Passed by the House of Representatives as a replacement for Obama's Affordable Care Act (ACA), known as Obamacare, it now awaits action by the Senate.
Heyman, a veteran journalist with Public News Service, was charged with "willful disruption of state government processes" when he persisted in asking for a response from Price as the HHS secretary walked through the state capitol in Charleston, West Virginia.
Price was in Charleston with Kellyanne Conway, special counsel to President Trump, to discuss the state's opioid addiction epidemic which has produced the highest drug overdose death rate in the nation.
“This is my job, this is what I’m supposed to do,” said Heyman, who was released on a punitive $5,000 bond. “I think it’s a question that deserves to be answered. I think it’s my job to ask questions and I think it’s my job to try to get answers.”
Public News Service founder and chief executive Lark Corbeil defended the efforts of his reporter to do just that.
"From what we can understand, he did nothing out of the ordinary," Corbeil told the Washington Post. " He was doing what any journalist would normally do, calling out a question and trying to get an answer."
The American Civil Liberties Union of West Virginia called Heyman's arrest a "dark day for Democracy" and a "blatant attempt to chill an independent, free press."
Heyman's arrest did not take place in a vacuum. Trump has created a hostile environment, declaring that any criticism of his administration is "fake news" produced by a media that he has deemed the "enemy of the people."
As the World Socialist Web Site previously reported, at a recent press briefing by Trump's Press Secretary Sean Spicer, reporters from the New York Times, the Los Angeles Times, the BBC and CNN were barred from attending
"The media responded with typical cowardice," the WSWS noted. "The White House Correspondents’ Association issued a statement of protest lamely declaring that it would be ‘discussing this further with White House staff.’”

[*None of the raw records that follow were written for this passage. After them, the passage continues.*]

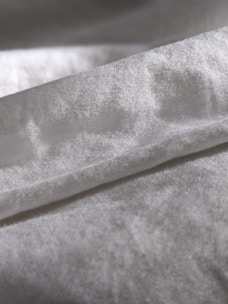 Close-up view of gentle, textured fabric in earthy tones folded neatly on a table.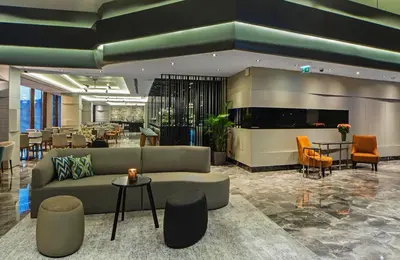 a lobby with a couch and tables and chairs at Arts Hotel Harbiye - Special Class in Istanbul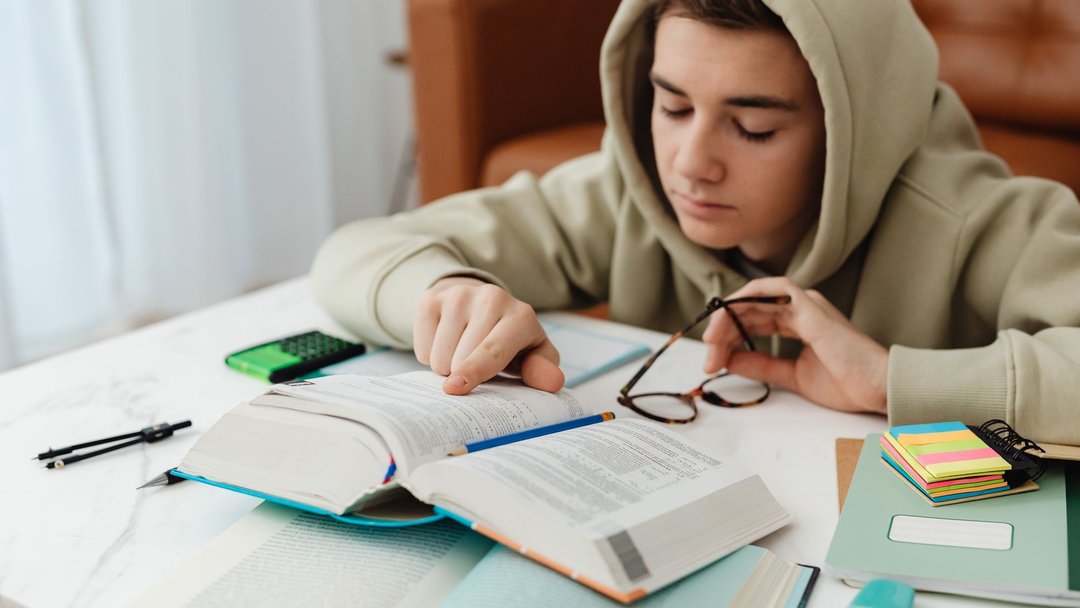 图 / Pexels · https://kaboompics.com/ A teenager in a hoodie studying with books and notes on a table, focused on learning indoors.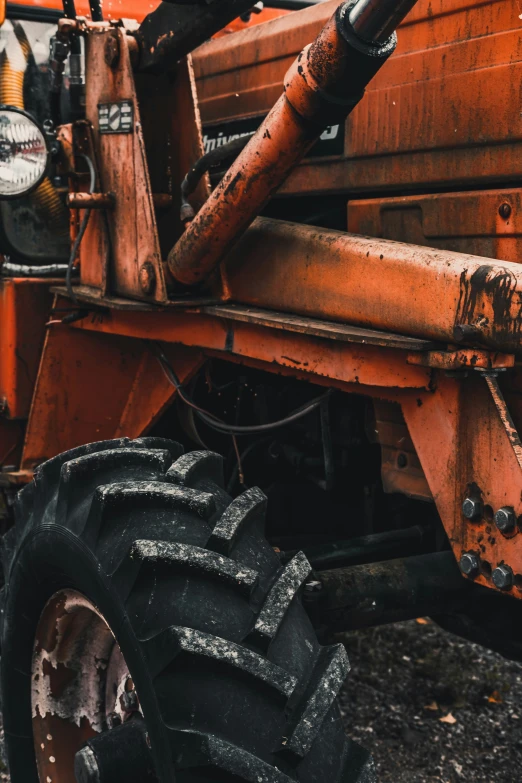 an old tractor sits abandoned on the ground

Little wonder that a West Virginia reporter with less august credentials would face jail time while the Washington press corps rolls on its back and whimpers.
The general public does not even have to ask a question to face jail.
Earlier this year a woman with a group of Code Pink protesters was arrested for laughing briefly at comments made in support of then Attorney General nominee Jeff Sessions.
Desiree Fairooz from Texas was charged with disorderly and disruptive conduct for laughing in the confirmation hearing when Alabama Senator Richard Shelby said Sessions’ political record of "treating all Americans equally under the law is clear and well documented."
"Americans should be outraged that for two seconds of laughter during a public hearing, one could get jail time," Fairooz, a retired children's librarian, told reporters. "What does this say about the state of free speech in this country."
As far as is known, Heyman's question has not received an answer although it deserves one.
A 2014 study titled "Insurance Discrimination Against Victims of Domestic Violence" documented many cases where insurance companies had in the past treated domestic violence and its consequences as pre-existing conditions and exempt from coverage.
"Considering that approximately 1.5 million women in the United States are raped and/or physically assaulted by an intimate partner annually, resulting in an average of 486,151 emergency room visits per year, the reported extent to which insurers use domestic violence as an underwriting criterion potentially impacts a significant number of people," the report published by the National Health Resources Center on Domestic Violence and the Women's Law Project noted.